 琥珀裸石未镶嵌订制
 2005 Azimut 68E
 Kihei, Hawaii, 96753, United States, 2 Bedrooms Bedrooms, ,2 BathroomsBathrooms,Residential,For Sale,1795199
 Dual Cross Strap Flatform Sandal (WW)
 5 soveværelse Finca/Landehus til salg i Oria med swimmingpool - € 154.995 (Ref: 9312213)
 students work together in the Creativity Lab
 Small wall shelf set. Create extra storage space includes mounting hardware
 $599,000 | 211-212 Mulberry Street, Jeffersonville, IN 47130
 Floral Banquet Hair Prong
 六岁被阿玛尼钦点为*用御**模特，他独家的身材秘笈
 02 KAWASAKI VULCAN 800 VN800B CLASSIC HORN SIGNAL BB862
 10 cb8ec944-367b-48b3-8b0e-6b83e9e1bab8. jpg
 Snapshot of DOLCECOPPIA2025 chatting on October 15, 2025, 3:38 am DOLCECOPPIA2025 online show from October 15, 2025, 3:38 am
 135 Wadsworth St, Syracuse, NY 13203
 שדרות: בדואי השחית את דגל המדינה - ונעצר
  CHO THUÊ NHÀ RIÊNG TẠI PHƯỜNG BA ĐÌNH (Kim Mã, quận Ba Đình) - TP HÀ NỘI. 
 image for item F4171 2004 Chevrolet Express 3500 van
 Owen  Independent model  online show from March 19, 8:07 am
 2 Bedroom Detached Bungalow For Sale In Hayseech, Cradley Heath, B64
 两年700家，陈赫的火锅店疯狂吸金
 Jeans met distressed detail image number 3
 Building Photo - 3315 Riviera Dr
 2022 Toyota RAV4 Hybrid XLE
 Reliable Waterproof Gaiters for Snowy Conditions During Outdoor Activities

● Task details
Line count for "Sale": report how many lines in the data above include it, with no other words.

● Task solution
2